Wow! It's already been seven weeks being here in Taiwan, (I did a bit of calculations because I could not believe it at first). Seriously, time does fly when you aren't paying attention. Also, I think by now, this trip marks the longest I have been to Taiwan, (in fact, perhaps longest time away from home, period!)
Last week I wasn't able to write an entry because I turned out to be quite busy. Last Tuesday, I was assigned a task to actually implement some code to add a frontier heuristic into AFL. Initially I thought that this only required some minor changes, and can be extrapolated from existing data, something to the tune of finding the delta change in the bitmap size per input. Here is my current report.
After some critical thinking, I realized that it completely failed to even remotely describe frontiers. At its core, new paths that have been discovered in input A would not be marked as "frontier" in input B. This meant that possibly we might undercount the number of frontiers that actually exist. Then on the other hand, if we keep fuzzing input A after finding some more frontiers, we also might overcount the number of frontiers because frontiers no longer are frontiers when they are visited (and when its surrounding branches are visited).

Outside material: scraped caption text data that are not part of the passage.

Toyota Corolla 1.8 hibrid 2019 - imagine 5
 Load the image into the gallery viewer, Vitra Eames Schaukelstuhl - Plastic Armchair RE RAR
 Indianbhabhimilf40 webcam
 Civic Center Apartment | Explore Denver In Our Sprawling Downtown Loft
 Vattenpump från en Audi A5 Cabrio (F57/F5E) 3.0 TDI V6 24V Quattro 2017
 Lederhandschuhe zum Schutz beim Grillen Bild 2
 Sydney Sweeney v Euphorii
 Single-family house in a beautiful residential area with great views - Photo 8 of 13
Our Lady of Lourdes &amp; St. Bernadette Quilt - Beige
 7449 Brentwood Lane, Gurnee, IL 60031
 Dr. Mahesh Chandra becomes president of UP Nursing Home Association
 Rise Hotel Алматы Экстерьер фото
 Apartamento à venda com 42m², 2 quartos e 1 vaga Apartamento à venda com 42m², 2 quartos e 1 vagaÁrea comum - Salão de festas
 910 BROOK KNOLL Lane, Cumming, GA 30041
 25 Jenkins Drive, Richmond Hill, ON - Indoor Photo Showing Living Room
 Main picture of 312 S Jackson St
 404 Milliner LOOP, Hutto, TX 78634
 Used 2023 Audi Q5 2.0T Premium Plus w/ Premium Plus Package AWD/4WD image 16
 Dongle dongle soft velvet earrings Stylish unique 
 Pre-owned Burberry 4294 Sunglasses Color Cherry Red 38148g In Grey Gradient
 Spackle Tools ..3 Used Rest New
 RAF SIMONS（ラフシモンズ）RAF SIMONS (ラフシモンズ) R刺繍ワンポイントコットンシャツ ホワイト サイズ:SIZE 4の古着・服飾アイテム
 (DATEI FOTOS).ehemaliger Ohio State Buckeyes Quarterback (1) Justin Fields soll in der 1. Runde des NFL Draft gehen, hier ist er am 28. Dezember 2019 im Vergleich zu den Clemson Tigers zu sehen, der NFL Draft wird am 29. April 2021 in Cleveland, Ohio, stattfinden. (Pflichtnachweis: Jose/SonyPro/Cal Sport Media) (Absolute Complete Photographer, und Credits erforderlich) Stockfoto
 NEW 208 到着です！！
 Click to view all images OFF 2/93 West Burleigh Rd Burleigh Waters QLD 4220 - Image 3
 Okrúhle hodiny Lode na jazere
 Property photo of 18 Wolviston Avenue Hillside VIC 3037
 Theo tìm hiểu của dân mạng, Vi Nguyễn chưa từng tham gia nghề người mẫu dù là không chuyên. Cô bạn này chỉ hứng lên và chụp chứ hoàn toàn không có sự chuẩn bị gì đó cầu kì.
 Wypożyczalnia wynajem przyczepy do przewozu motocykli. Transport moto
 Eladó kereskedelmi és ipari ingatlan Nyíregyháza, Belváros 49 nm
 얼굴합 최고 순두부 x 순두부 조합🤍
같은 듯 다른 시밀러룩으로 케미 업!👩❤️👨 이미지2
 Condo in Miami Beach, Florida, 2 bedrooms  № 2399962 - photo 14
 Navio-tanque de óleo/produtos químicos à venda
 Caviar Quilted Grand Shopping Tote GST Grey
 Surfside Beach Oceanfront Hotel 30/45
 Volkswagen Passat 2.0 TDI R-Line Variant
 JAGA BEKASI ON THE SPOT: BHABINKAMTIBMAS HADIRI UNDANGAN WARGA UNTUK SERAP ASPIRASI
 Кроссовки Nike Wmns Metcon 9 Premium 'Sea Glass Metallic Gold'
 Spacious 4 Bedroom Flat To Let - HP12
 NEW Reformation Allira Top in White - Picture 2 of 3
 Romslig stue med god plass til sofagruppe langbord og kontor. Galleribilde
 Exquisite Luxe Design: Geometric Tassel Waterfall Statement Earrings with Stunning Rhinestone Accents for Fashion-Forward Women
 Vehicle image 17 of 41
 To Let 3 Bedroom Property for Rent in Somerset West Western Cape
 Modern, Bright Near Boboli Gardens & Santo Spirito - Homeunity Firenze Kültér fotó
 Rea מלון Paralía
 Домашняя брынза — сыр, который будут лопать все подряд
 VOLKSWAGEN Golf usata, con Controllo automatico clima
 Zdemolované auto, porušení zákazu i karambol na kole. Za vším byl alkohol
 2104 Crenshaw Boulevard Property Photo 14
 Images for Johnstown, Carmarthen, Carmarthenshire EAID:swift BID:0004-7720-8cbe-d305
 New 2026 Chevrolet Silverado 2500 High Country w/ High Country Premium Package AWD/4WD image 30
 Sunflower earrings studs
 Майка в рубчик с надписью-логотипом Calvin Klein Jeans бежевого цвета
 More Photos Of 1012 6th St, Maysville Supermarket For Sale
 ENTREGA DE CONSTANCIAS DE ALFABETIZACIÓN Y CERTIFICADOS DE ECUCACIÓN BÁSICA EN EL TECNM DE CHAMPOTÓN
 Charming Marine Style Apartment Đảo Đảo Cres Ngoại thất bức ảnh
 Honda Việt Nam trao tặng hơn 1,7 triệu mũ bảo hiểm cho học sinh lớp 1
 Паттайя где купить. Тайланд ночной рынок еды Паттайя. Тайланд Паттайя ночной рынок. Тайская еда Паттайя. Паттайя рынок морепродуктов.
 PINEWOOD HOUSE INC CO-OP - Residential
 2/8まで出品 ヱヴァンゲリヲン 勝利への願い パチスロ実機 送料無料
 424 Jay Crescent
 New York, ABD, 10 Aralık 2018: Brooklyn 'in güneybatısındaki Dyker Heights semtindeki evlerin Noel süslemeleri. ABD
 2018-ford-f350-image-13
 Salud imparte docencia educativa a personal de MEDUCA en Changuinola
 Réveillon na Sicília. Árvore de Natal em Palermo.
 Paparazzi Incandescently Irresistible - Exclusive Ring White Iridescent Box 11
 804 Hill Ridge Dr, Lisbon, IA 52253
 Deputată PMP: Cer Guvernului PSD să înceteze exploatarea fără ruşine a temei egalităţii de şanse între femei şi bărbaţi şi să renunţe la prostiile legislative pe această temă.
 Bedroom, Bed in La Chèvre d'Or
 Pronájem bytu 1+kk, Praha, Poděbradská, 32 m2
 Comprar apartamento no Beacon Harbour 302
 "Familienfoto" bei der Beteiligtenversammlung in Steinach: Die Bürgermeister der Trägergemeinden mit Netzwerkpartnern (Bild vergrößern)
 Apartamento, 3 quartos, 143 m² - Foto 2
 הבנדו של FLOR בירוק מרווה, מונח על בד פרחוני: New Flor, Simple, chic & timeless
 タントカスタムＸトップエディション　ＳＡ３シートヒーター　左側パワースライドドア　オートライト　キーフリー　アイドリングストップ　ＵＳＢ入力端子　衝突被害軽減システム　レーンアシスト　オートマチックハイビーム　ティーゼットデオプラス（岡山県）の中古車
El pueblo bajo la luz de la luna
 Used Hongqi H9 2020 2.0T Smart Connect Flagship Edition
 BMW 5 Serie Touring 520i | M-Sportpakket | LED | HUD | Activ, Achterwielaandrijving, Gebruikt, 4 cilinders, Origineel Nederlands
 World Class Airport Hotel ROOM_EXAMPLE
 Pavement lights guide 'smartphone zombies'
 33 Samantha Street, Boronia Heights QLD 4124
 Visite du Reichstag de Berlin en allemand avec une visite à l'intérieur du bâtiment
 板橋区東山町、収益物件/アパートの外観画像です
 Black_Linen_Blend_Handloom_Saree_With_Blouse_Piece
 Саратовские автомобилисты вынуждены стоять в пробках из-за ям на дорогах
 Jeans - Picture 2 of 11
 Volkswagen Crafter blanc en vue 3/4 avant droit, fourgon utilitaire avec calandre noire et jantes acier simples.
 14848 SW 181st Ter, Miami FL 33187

What I ended up doing was I had to add more instrumentation information and respective analysis code to detect frontiers. See the big problem lies in the fact that the instrumentation assembly code is heavily optimized. Optimized to the point that it is very difficult to add anymore code; this was especially true as I tried to figure out how to make complex arithmetic with use of only one/two registers! It was pretty painful, and at the end, I ended up having to squeeze two entire values within some registers!
Though, I was actually quite surprised that overall, the debugging aspect for the assembly instrumentation code was brought to a minimal.
After some of the low-level work already underway, I shifted my focus to the fuzzing code. The code overall was pretty dense, and although most of the code was documented relatively well, there were still a few undocumented aspects that I had to pore over the code to figure out what it is doing.
One of the products that I am very proud of is the statistics window. There is a sort of amusement when you can see panels and panels of numbers flip around, but it is even more amusing when you know what those numbers mean. For me, it meant that the frontier code I wrote was doing well.
Well, actually, I had to spend quite a while (two-ish days) trying to debug my statistics window, wondering why those stats are so off. At the end I also had to resort to writing to debug file, while building and running the program each time to test it out (building took soooooo sllloooooowww!). Well, turns out, most of these errors are a result of noobie coding errors.
Sniffle... Well I just realized I will be leaving in about 2 weeks. (Correction: I will be leaving work in 2 weeks). It seems like this week will be my last report for this project. It was a fun journey working with AFL fuzzing. I realized I will probably leave with this project wholy unfinished. If you also observe in the report, I have quite a few things that I'd like to get to. Most importantly, I wanted to use Dynamic Taint Analysis (DTA) and the frontier heuristics to try to really direct AFL to fuzzing these hot bytes.
The one thing that I hope as I leave this is that I would like somebody to be able to to continue onward with this project. However, currently, the other intern who is also directly involved with AFL fuzzing does not seem to be competent enough to be able to really continue this project, not without a lot of more research and learning. Maybe someone else might come to continue this project, but as it stands now, the prospects for this project does not look too good. Oh well. This was both fun and educational internship thus far!